** The data follows **

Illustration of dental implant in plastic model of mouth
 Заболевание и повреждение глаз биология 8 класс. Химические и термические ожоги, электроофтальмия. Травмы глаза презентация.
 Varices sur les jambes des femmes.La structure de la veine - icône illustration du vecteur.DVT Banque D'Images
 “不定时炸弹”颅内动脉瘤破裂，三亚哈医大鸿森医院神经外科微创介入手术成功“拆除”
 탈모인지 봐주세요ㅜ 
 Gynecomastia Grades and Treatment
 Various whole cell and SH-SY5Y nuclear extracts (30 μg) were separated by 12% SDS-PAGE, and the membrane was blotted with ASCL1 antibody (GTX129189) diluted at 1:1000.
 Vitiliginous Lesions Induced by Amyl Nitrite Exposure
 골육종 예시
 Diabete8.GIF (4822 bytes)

** End of The data **

**How to complete this task**. An exact copy is required of each line from the one containing "Gynecomastia Grades and Treatment" through the last line of the material, and of no other line.

**Answer box**.
 Gynecomastia Grades and Treatment
 Various whole cell and SH-SY5Y nuclear extracts (30 μg) were separated by 12% SDS-PAGE, and the membrane was blotted with ASCL1 antibody (GTX129189) diluted at 1:1000.
 Vitiliginous Lesions Induced by Amyl Nitrite Exposure
 골육종 예시
 Diabete8.GIF (4822 bytes)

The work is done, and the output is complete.